Are we all just faces in a crowd?

This has been on my mind for quite some time. In fact, I’ve been meaning to post about it for a while now. I cannot understand how anyone could like me.

Allow me to explain. I am not talking about any sort of depression (don’t worry, Mom!). What I am describing is quite different. Though on one level it makes perfect sense, I find it odd that other people can feel toward me as they do toward any other human being.

If you think really hard about what it feels like to exist, you will probably say that you feel like some sort of thing peering out from a body. While you encounter dozens, possibly hundreds of human beings every day, your understanding of them is fundamentally different from your understanding of yourself. Your friends, family, and acquaintances all behave in similar ways to you, but they cannot feel what you feel. Though you can understand and relate to one another, they will never know what it is like to be you.

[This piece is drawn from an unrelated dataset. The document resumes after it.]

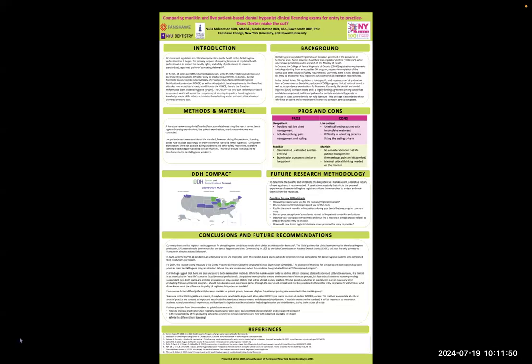It is important to note that currently there is no clinical exam for entry-to-practice for new registrants who complete all registration requirements. Our literature review used dental and medical education databases to collect information. Live patient exams were considered the standard. However, during the pandemic, licensing bodies had to act accordingly to continue licensing dental hygienists. Since live patient exams were not possible during pandemic lockdowns, licensing bodies began evaluating skills on mannequins. This would ensure licensing with no disturbance to the dental hygiene workforce.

It should seem a little strange then that to everyone else who will ever live you are just a face in the crowd. To them, your uniqueness fades into the masses—whatever individuality you feel washes away, leaving you standard and bare. Even so, we cannot help but retain the belief that we are special. Despite this reminder of our insignificance, the nugget of hope lives on, insisting that we stand out from the crowd.

We understand others as fundamentally different from ourselves.

We understand others as fundamentally different from ourselves.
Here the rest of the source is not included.